Metadata-Version: 2.1
Name: spolstore
Version: 0.3
Summary: rdflib store using SQLite Fulltext index
Home-page: https://github.com/epoz/spolstore
Author: epoz
Author-email: ep@epoz.org
License: BSD-3-Clause
Project-URL: Documentation, https://github.com/epoz/spolstore/blob/main/README.md
Project-URL: Source, https://github.com/epoz/spolstore
Project-URL: Tracker, https://github.com/epoz/spolstore/issues
Platform: any
Classifier: Programming Language :: Python
Classifier: Programming Language :: Python :: 3 :: Only
Classifier: Programming Language :: Python :: 3.7
Classifier: Programming Language :: Python :: 3.8
Classifier: Programming Language :: Python :: 3.9
Classifier: Programming Language :: Python :: 3.10
Classifier: License :: OSI Approved :: BSD License
Classifier: Topic :: Software Development :: Libraries :: Python Modules
Classifier: Topic :: Database :: Database Engines/Servers
Requires-Python: >=3.7
Description-Content-Type: text/markdown
License-File: LICENSE

# SPOLStore

A Python RDFLib store that stores RDF data on a simple Subject-Predicate-Object-Literal basis, with all literals fulltext indexed using the SQLite FTS5.

## Usage

First install the package, this can be done with:

```shell
pip install spolstore
```

To use this as a store in RDFlib, initialize and open a graph:

```python
import rdflib
g = rdflib.Graph("spol")
```

Before you can use it, it needs to be `opened` by specifying where on the filesystem the sqlite database containing the graph is.

```python
import rdflib
g = rdflib.Graph("spol")
g.open("/tmp/example.spol")
```

If you do not open a graph first, an exception is thrown when trying to call any methods on it.

Once a graph has been parsed, you can perform fulltext searches using a SPARQL query:

```python
import rdflib
g = rdflib.Graph("spol")
g.open("/tmp/example.spol")
g.parse("http://www.w3.org/People/Berners-Lee/card")
q = """
    PREFIX foaf: <http://xmlns.com/foaf/0.1/>

    SELECT ?s ?p2 ?o
    WHERE {
            ?s ?p "web workshop" .
            ?s ?p2 ?o .
    }
"""
for r in g.query(q):
    print(r)
```

## Querying the database directly

For applications that need to do bulk data reconciliation, it is useful to query the SPOLstore database directly,
and not do access via a HTTP or SPARQL interface.

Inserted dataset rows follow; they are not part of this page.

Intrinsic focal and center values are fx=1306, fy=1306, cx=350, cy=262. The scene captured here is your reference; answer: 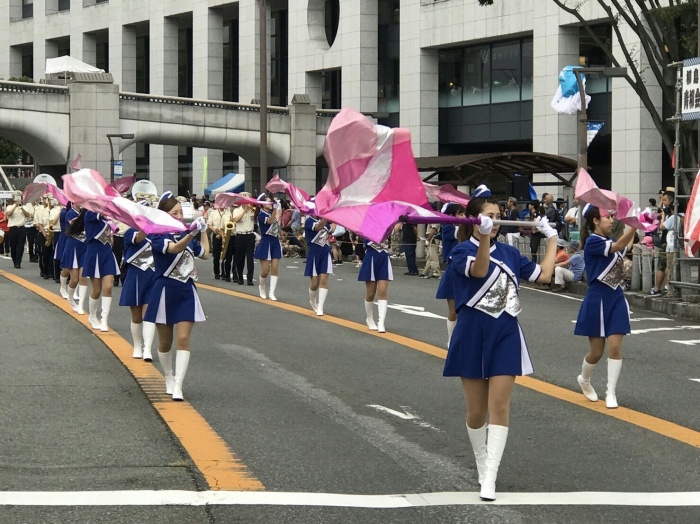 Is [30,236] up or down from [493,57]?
down

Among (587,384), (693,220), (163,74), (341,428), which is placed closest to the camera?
(341,428)

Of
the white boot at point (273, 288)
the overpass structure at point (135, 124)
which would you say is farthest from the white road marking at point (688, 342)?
the overpass structure at point (135, 124)

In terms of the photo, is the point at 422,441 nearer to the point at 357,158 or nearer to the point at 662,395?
the point at 357,158

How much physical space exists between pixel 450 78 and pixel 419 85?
1243 mm

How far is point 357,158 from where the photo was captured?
7.79 m

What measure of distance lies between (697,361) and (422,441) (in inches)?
242

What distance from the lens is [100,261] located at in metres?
15.8

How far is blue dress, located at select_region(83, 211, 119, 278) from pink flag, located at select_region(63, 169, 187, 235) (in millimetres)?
3766

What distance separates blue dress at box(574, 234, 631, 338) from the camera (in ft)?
34.8

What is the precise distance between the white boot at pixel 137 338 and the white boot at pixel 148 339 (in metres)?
0.14

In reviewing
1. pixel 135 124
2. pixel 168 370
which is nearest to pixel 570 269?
pixel 168 370

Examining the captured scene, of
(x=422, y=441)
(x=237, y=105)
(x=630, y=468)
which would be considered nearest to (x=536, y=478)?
(x=630, y=468)

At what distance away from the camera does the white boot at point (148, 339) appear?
12836 millimetres

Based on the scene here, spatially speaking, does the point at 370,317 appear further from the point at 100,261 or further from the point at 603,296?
the point at 603,296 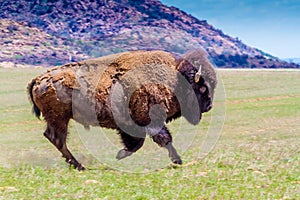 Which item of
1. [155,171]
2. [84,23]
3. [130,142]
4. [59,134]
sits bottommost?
[155,171]

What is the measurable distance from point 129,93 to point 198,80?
144 cm

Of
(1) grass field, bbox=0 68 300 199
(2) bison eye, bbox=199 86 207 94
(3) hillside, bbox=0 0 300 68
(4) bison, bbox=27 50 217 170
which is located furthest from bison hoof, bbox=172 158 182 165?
(3) hillside, bbox=0 0 300 68

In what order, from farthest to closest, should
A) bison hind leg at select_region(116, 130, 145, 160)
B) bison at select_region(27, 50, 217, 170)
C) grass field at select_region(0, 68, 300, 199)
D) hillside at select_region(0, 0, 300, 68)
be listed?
hillside at select_region(0, 0, 300, 68) → bison hind leg at select_region(116, 130, 145, 160) → bison at select_region(27, 50, 217, 170) → grass field at select_region(0, 68, 300, 199)

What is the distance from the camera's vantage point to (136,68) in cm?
1038

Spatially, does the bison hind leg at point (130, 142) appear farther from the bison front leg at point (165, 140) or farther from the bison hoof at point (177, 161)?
the bison hoof at point (177, 161)

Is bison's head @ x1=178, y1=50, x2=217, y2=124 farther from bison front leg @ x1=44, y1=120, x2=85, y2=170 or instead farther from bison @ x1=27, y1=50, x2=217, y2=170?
bison front leg @ x1=44, y1=120, x2=85, y2=170

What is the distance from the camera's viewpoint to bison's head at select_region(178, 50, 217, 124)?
413 inches

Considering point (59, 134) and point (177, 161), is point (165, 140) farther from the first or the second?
point (59, 134)

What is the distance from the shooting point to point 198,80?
10.5 metres

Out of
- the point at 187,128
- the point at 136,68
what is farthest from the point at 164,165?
the point at 187,128

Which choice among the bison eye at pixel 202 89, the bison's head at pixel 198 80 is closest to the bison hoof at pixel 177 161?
the bison's head at pixel 198 80

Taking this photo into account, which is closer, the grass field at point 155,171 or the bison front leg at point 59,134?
the grass field at point 155,171

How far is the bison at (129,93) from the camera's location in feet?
33.6

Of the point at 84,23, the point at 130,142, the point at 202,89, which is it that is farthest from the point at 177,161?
the point at 84,23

The database schema for a SPOLStore is conceptually very simple:

```sql
CREATE TABLE IF NOT EXISTS spo(s INTEGER, p INTEGER, o INTEGER);
CREATE TABLE IF NOT EXISTS iris(iri);
CREATE VIRTUAL TABLE IF NOT EXISTS literals USING fts5(s UNINDEXED, p UNINDEXED, o);
```

And there are some simple indices defined:

```sql
CREATE UNIQUE INDEX IF NOT EXISTS iris_u ON iris(iri);
CREATE INDEX IF NOT EXISTS spo_s ON spo(s);
CREATE INDEX IF NOT EXISTS spo_p ON spo(p);
CREATE INDEX IF NOT EXISTS spo_o ON spo(o);
```

So, given an index database, for example the FOAF entries from earlier in this readme, the database can be queried:

```python
import sqlite3
db = sqlite3.connect("/tmp/example.spol")
db.execute("select iris.iri, literals.o from iris inner join literals on iris.rowid = literals.s where o match 'Lee'")

http://www.w3.org/People/Berners-Lee/card|Tim Berners-Lee's FOAF file
https://timbl.com/timbl/Public/friends.ttl|Tim Berners-Lee's editable profile
https://www.w3.org/People/Berners-Lee/card#i|Tim Berners-Lee
https://www.w3.org/People/Berners-Lee/card#i|https://www.w3.org/People/Berners-Lee/card#i
https://www.w3.org/People/Berners-Lee/card#i|Tim Berners-Lee
https://www.w3.org/People/Berners-Lee/card#i|Berners-Lee
https://www.w3.org/People/Berners-Lee/card#i|Timothy Berners-Lee
```

## TODO

This is very much the first working version. Consider it a practical prototype. Probably many bugs...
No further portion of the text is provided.